• [ACTION ITEM] Exact copy, pictures excluded: output the lines from the opening of the entries through the line bearing "Checked Light Blue Men Suit - Wessi".

(Stored data)
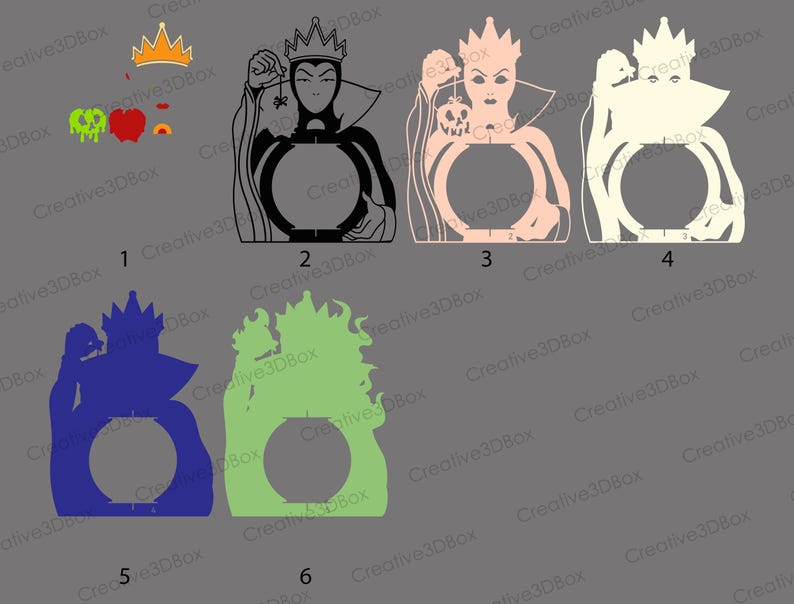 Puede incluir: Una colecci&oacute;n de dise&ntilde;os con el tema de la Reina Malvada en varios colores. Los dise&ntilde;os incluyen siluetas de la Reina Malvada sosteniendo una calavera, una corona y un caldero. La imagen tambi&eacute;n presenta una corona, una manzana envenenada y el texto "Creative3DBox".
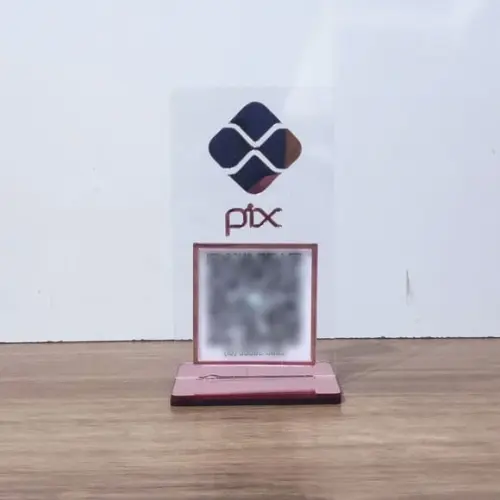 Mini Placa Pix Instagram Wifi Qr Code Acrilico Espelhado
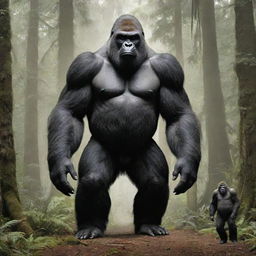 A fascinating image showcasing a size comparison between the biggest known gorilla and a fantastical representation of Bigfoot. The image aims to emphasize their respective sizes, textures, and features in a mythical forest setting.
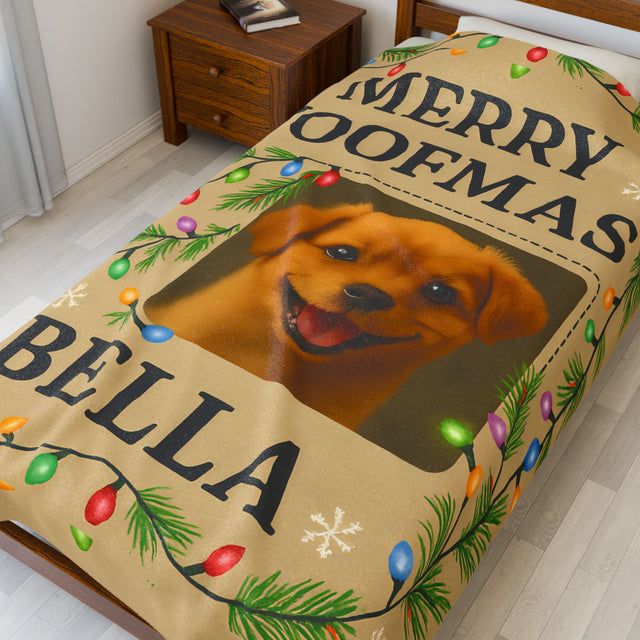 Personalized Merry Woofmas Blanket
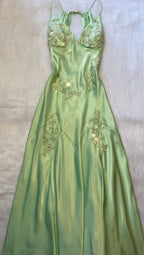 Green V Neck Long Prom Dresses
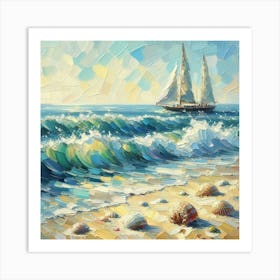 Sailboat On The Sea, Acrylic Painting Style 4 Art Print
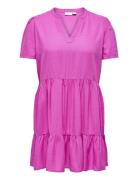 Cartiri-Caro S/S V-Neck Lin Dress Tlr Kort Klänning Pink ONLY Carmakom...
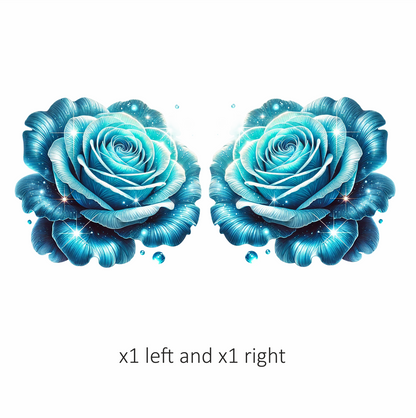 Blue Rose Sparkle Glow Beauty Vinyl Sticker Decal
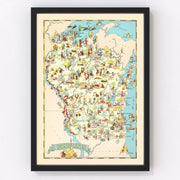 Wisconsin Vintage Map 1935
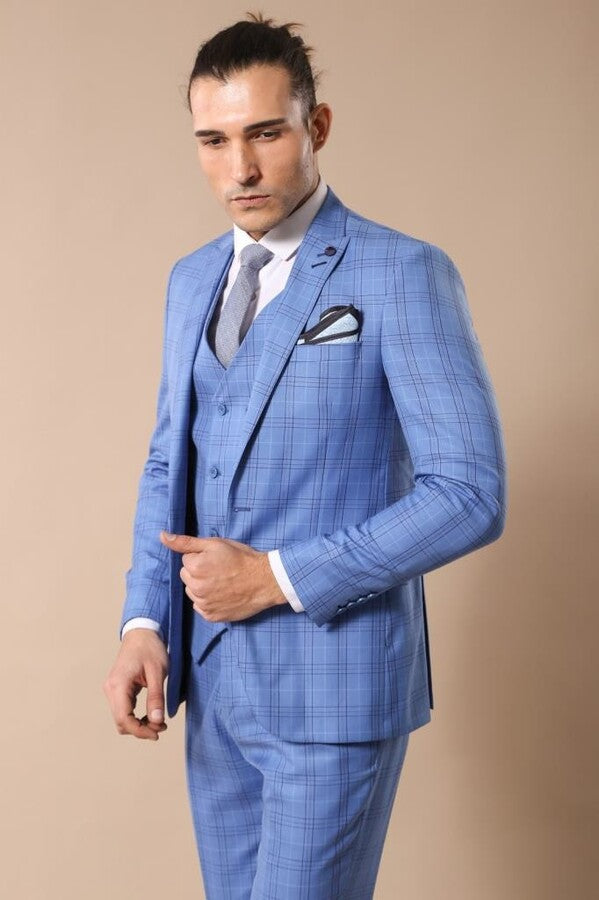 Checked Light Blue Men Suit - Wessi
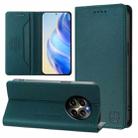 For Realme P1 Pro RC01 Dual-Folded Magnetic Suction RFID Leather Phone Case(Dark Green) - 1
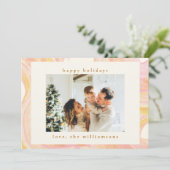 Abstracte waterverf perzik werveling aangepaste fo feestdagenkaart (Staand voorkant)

• [WORKED SOLUTION]
 Puede incluir: Una colecci&oacute;n de dise&ntilde;os con el tema de la Reina Malvada en varios colores. Los dise&ntilde;os incluyen siluetas de la Reina Malvada sosteniendo una calavera, una corona y un caldero. La imagen tambi&eacute;n presenta una corona, una manzana envenenada y el texto "Creative3DBox".
 Mini Placa Pix Instagram Wifi Qr Code Acrilico Espelhado
 A fascinating image showcasing a size comparison between the biggest known gorilla and a fantastical representation of Bigfoot. The image aims to emphasize their respective sizes, textures, and features in a mythical forest setting.
 Personalized Merry Woofmas Blanket
 Green V Neck Long Prom Dresses
 Sailboat On The Sea, Acrylic Painting Style 4 Art Print
 Cartiri-Caro S/S V-Neck Lin Dress Tlr Kort Klänning Pink ONLY Carmakom...
 Blue Rose Sparkle Glow Beauty Vinyl Sticker Decal
 Wisconsin Vintage Map 1935
 Checked Light Blue Men Suit - Wessi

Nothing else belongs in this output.